Le lecteur trouvera peut-être que nous cédons à nos propres penchants pour la critique en analysant ces ouvrages. Mais les questions théoriques que soulèvent les proses de Sadoul, Wertham, Mattelart et Dorfman  - les médias de masse ont-ils une influence néfaste sur les attitudes et les comportements de telle ou telle catégorie sociale ? l'organisation de l'industrie de la culture se reflète-t-elle dans le contenu lui-même des produits culturel ? - sont parfaitement légitimes et n'ont à l'évidence rien perdu de leur actualité ! En passant au crible de la critique scientifique, à partir d'une connaissance approfondie des littératures dessinées, les positions de nos auteurs, et en relevant les attitudes sous-jacentes - et parfois tout simplement les erreurs de jugement - qui les fondent, nous pouvons espérer apporter sur ces questions un éclairage nouveau et contribuer de la sorte à donner au débat des bases plus saines.

 Harry Morgan

  1. Georges Sadoul, Ce que lisent vos enfants, Bureau d'editions, 1938.

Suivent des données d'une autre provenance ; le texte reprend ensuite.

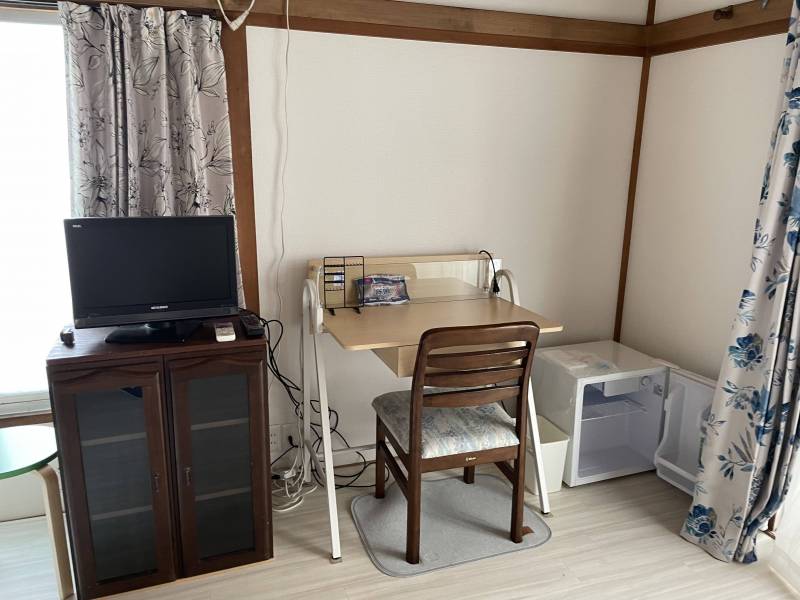 ２階のお部屋にはテレビ、個別の冷蔵庫も置いています。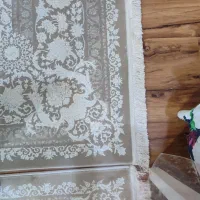 دو عدد قالی ۹ متری ۷۰۰ شانه لوکس  در حد نو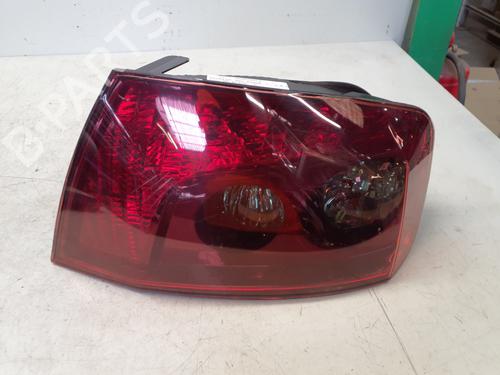 Used Right taillight PEUGEOT 407 (6D_) 1.6 HDi 110 (6D9HZC, 6D9HYC) (109 hp) 29363534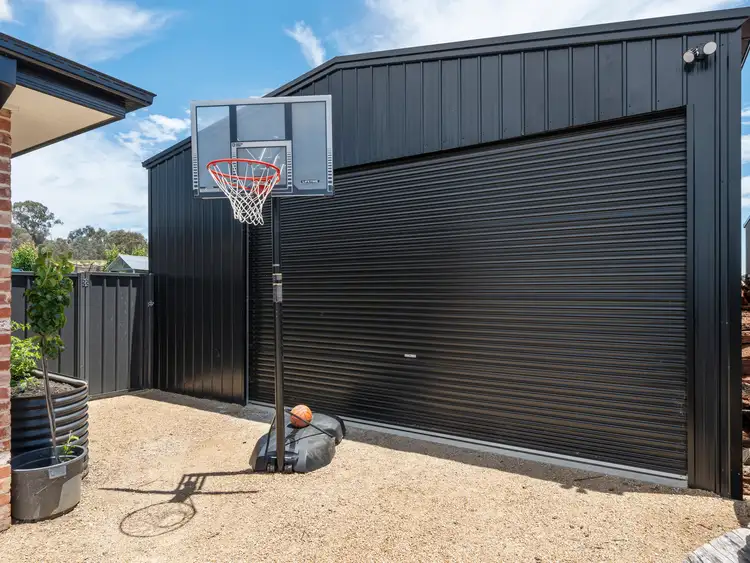 Fourth view of Homely house listing, 10 Hill Court, Mansfield VIC 3722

2. Coulton Waugh, The Comics, MacMillan, 1947, University Press of Mississippi, 1991.

3. Fredric Wertham, Seduction of the Innocent, Rinehart, 1954.

4. David Manning White, Robert H. Abel (ed.), The Funnies: An American Idiom, Free Press of Glencoe, 1963.

5. Pierre Couperie et al., Bande dessinee et figuration narrative, Musee des arts decoratifs, 1967.

6. Armand Mattelart et Ariel Dorfman, Donald l'imposteur ou l'impérialisme raconté aux enfants, Alain Moreau, 1976 [1971].

7. Frederic schodt, Manga! Manga! The World of Japanese Comics, Kodansha, 1983, Edition de poche, 1986.

8. Benoit Peeters, Case, planche, recit: comment lire une bande dessinee, Casterman, 1991.

9. Scott McCloud, Understanding Comics: The Invisible Art, Kitchen Sink, 1993.

10. Thierry Groensteen, Systeme de la bande dessinee, PUF, 1999.